- **Exercise prompt**
From the first line to the last, retype the records exactly without their images.

===== Input data

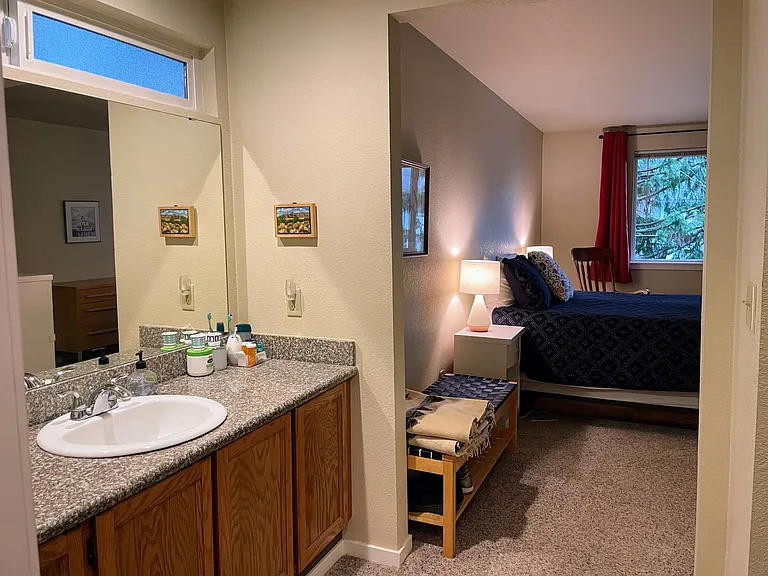 primary vanity with private opening window for fresh air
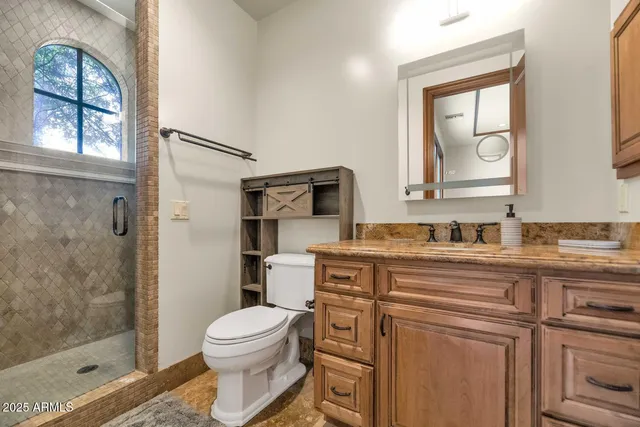 a bathroom with a toilet a sink a glass door a shower a mirror a vanity and window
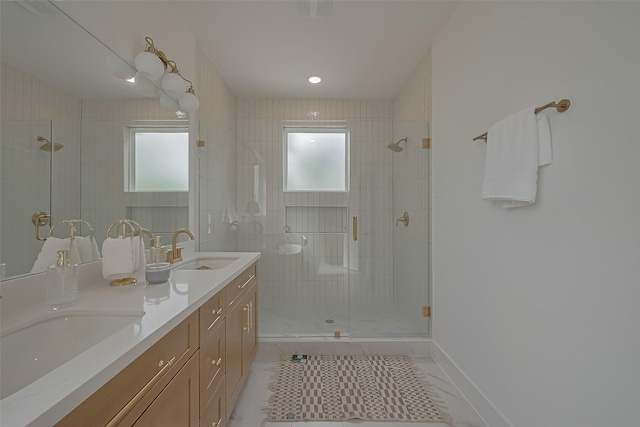 776 Mansfield St, Houston, TX 77091 - full bathroom featuring a stall shower, double vanity, and healthy amount of natural light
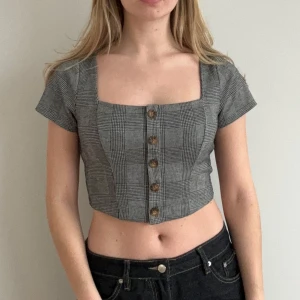 Grå rutig croppad topp - Säljer en stilren grå rutig croppad topp med korta ärmar och knappar framtill. Perfekt för en trendig look!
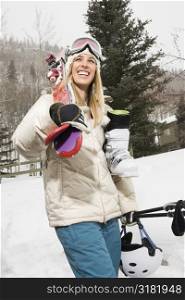 Pretty blond young woman carrying ski equipment in snow and smiling.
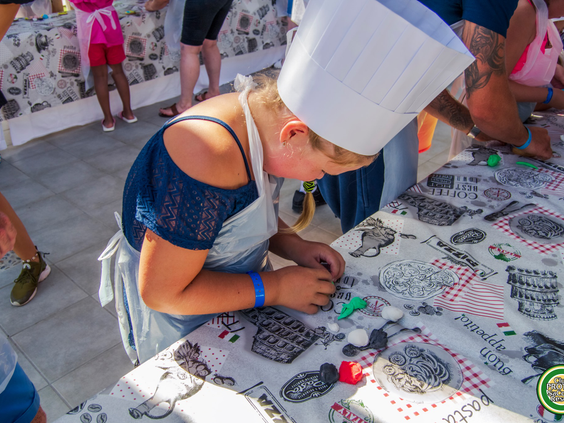 Een kind met een koksmuts op, druk bezig met een creatieve workshop van de kidsclub bij Protur Safari Park.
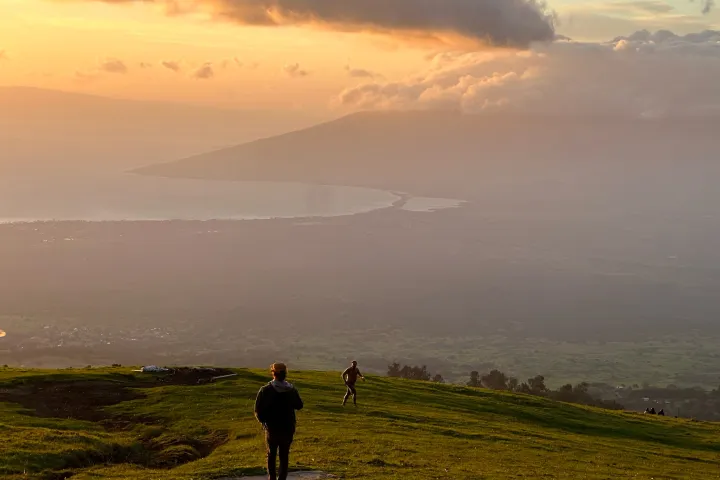 a man flying a kite in a field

==========

- **Written answer**
 primary vanity with private opening window for fresh air
 a bathroom with a toilet a sink a glass door a shower a mirror a vanity and window
 776 Mansfield St, Houston, TX 77091 - full bathroom featuring a stall shower, double vanity, and healthy amount of natural light
 Grå rutig croppad topp - Säljer en stilren grå rutig croppad topp med korta ärmar och knappar framtill. Perfekt för en trendig look!
 Pretty blond young woman carrying ski equipment in snow and smiling.
 Een kind met een koksmuts op, druk bezig met een creatieve workshop van de kidsclub bij Protur Safari Park.
 a man flying a kite in a field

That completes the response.